═════ INFORMATION SUPPLIED ═════

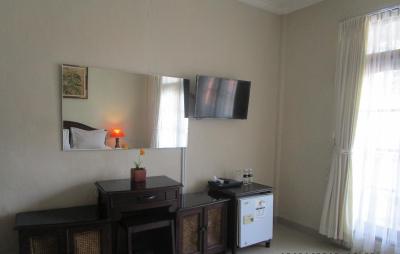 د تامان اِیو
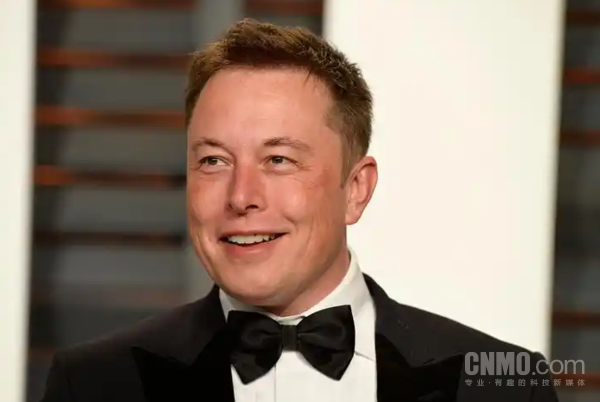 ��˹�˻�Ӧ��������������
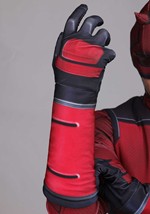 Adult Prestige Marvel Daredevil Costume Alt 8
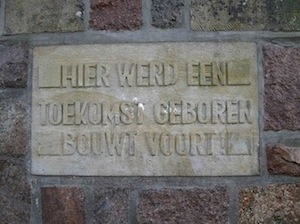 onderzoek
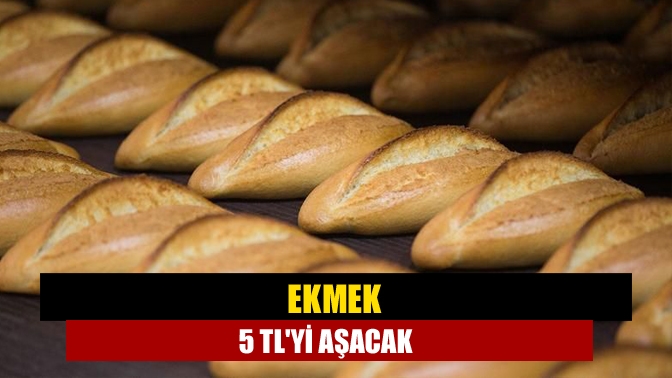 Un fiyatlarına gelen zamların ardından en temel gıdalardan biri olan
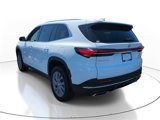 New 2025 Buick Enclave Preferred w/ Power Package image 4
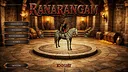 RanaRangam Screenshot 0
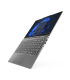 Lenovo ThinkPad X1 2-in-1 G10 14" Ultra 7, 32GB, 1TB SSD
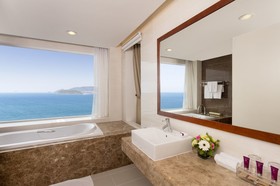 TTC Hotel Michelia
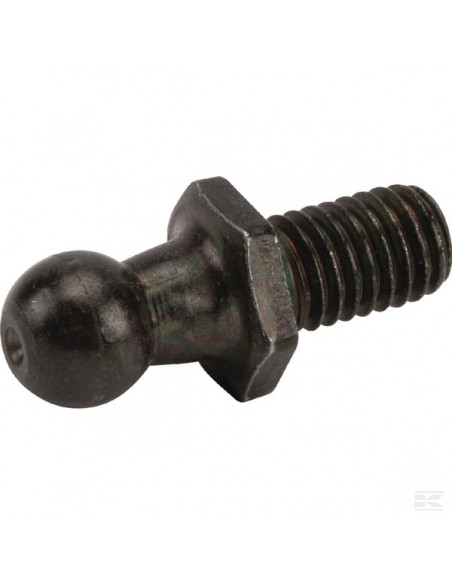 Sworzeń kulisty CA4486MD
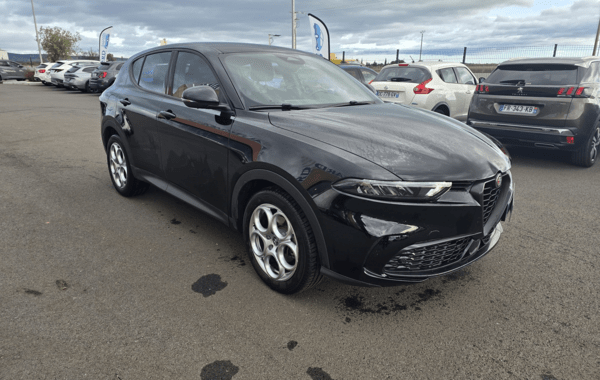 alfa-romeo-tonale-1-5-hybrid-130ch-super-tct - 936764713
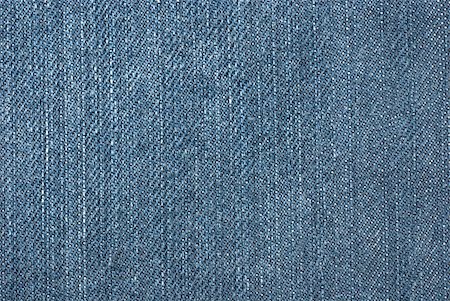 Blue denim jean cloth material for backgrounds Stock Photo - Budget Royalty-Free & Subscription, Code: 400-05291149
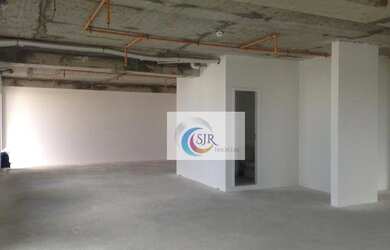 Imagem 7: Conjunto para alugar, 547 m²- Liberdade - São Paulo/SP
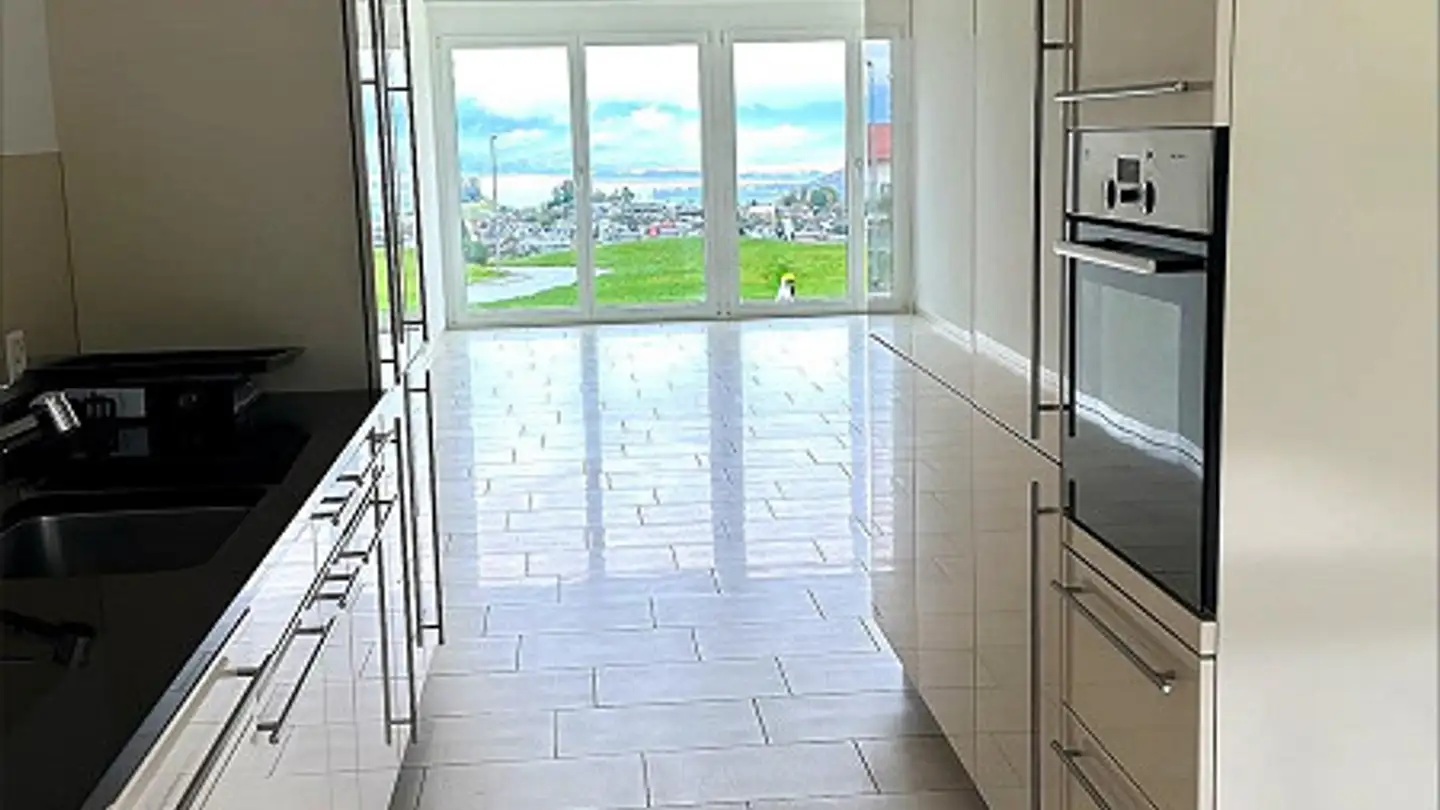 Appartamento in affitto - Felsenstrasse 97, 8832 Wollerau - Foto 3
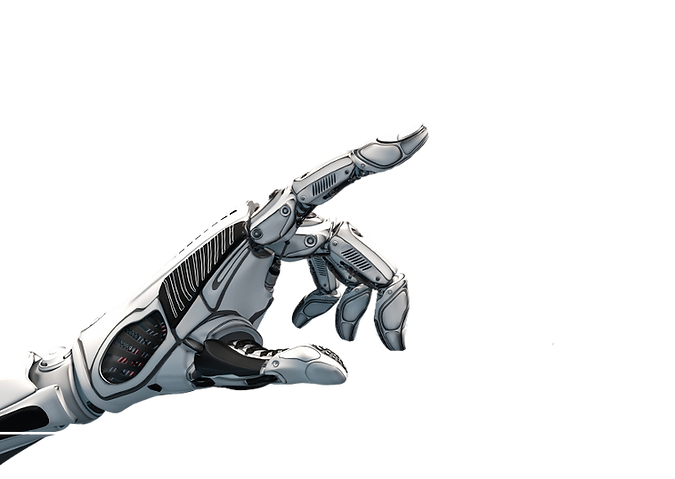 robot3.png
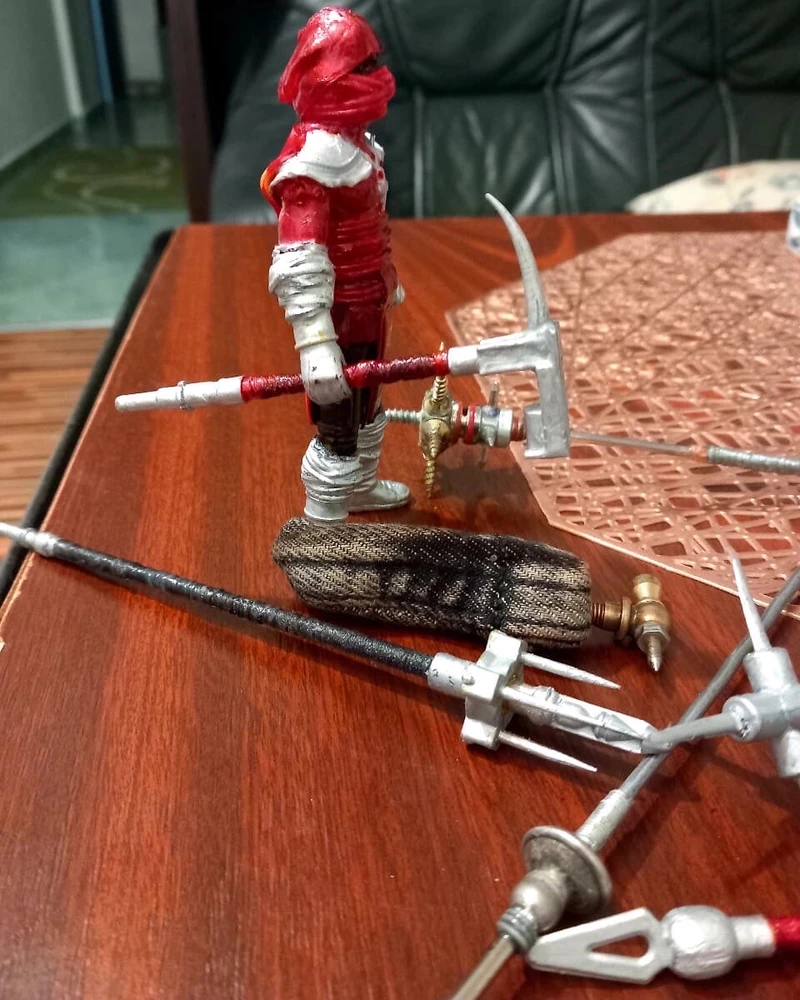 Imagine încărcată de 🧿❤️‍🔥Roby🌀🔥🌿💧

═════

ASSIGNED TASK: Give back exactly the lines running from the one that contains "Blue denim jean" to the end of the records, including both of those lines and excluding every picture.

TASK SOLUTION:
 Blue denim jean cloth material for backgrounds Stock Photo - Budget Royalty-Free & Subscription, Code: 400-05291149
 Imagem 7: Conjunto para alugar, 547 m²- Liberdade - São Paulo/SP
 Appartamento in affitto - Felsenstrasse 97, 8832 Wollerau - Foto 3
 robot3.png
 Imagine încărcată de 🧿❤️‍🔥Roby🌀🔥🌿💧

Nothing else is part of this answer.